Thousands of people yesterday joined a procession in Warsaw to show penitence for the sin of abortion and to pray for peace in Poland and Ukraine.

“The Rosary Procession is an unprecedented event, which aims, first of all, to make amends for sins against life,” said the main organiser, Paweł Ozdoba. “Today, in Poland and around the world, abortion is promoted and called a ‘standard procedure’.”

“In this situation, we as Catholics want to pray for an end to this ‘pandemic of abortion’,” added Ozdoba, who is president of the Centre for Life and Family. Among the other organisers were groups including Rosary Crusade for the Homeland, Mary’s Warriors, the Soldiers of Christ, and the National Guard.

The procession began at 3 p.m. on Sunday, following a holy mass. At its head, a cross several metres high was carried along with relics of Saint Andrew Bobola, a Polish missionary killed during the 17th-century Khmelnytsky Uprising that led to the creation of a Cossack Hetmanate in what is now Ukraine.

During the march, the thousands of participants prayed the rosary and chaplet of divine mercy and sang religious songs, reports Onet. Similar smaller processions took place in other towns and cities, including Kraków, Gdańsk and Olsztyn.

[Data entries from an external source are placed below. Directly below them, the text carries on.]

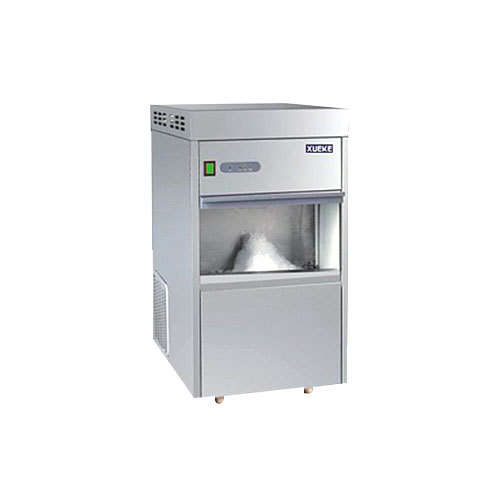雪科XUEKE全自動(dòng)雪花冰 不銹鋼商用制冰機(jī)IMS-85型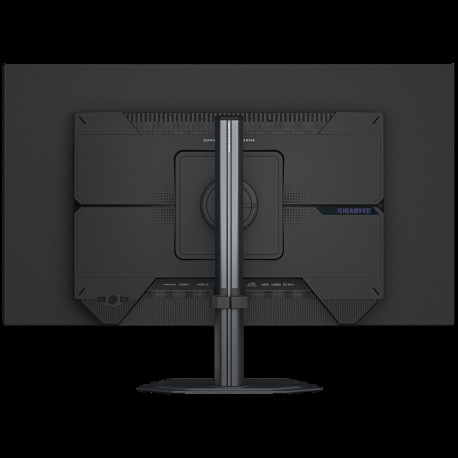Монитор 27" Gigabyte MO27Q28G EK Black (WOLED, 2560 x 1440, 280Hz, 10bit (1.07B), 0,03ms, 350cd/m, 1.5M:1, 2xHDMI-2.1, DP-1.4, 3xUSB3.2, USB Type-C (18W), Pivot)-5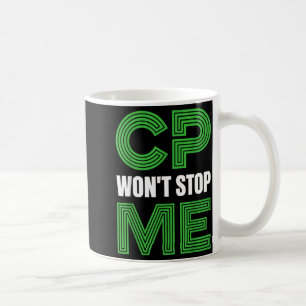 Mug L'infirmité motrice cérébrale n'arrêtera pas le gu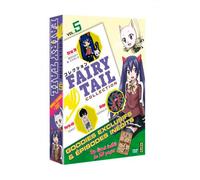 Fairy Tail Collection - Vol. 5 [Francia] [DVD]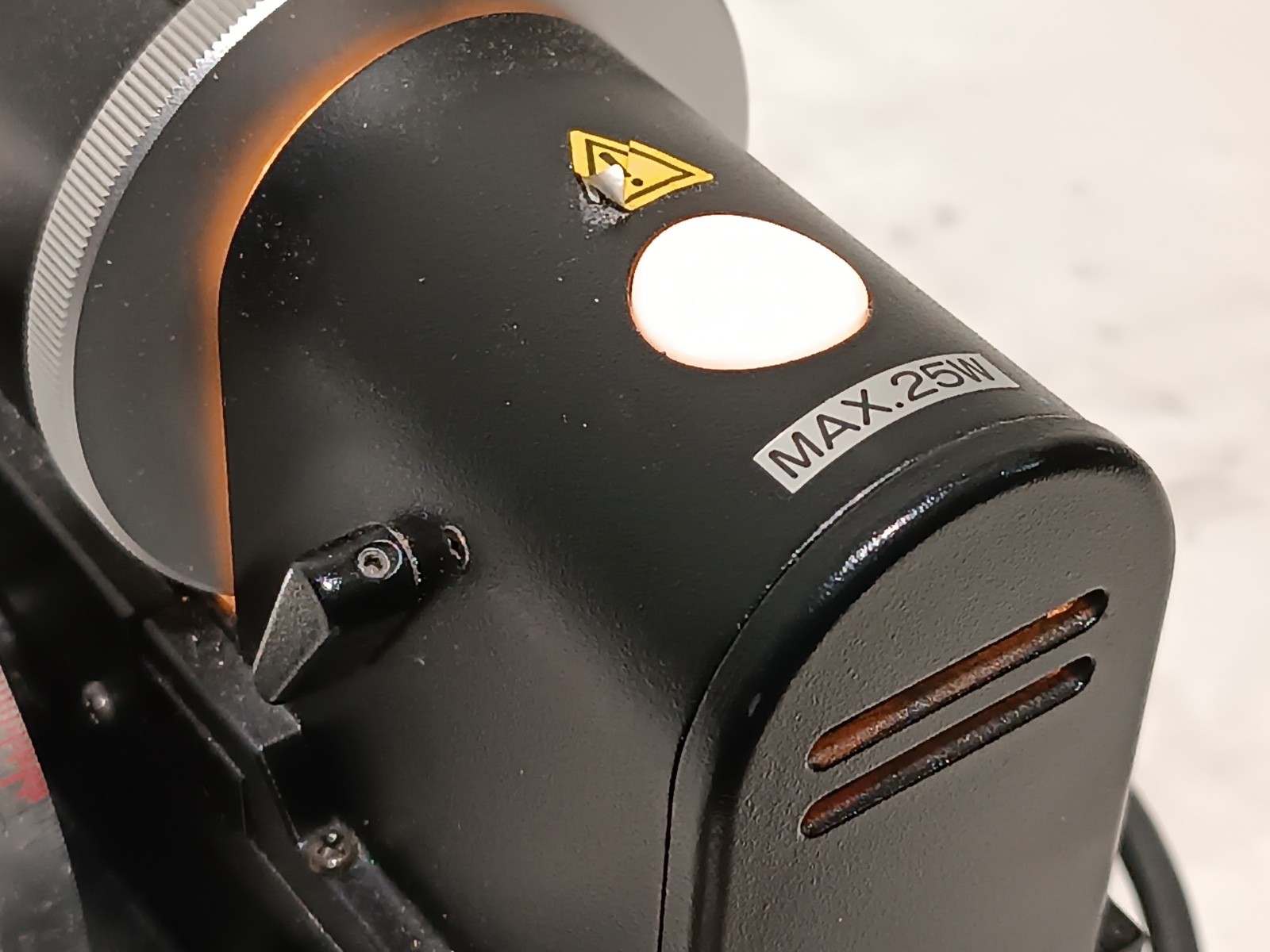 Marco Lensmeter LM101 Compact Manual Lensmeter 100VAC LED Illumination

“As lay faithful of the Catholic church, we would like our actions to result in an impulse in the Polish nation for prayer, penance and moral renewal, to appease God for our sins, to save Poland from deserved punishment and from the threat of war,” said the organisers.

Soldiers fight with weapons, and ours is the rosary,” Janusz Paczkowski, the provincial superior of the Order of the Knights of John Paul II, told Radio Maryja. “As we remember from history, Warsaw was saved in 1920 because there were penitential processions in the capital and then the Mother of God reacted.”

She intervened on the battlefield to change not only the fate of Poland, but also of Europe,” he continued. “We want to repeat another ‘Miracle on the Vistula’ because there is a threat again. Military operations are taking place beyond the eastern borders of our homeland.”

Paczkowski was referring to the 1920 Battle of Warsaw – often called the Miracle on the Vistula – during which Poland defeated and turned back the invading Bolshevik army.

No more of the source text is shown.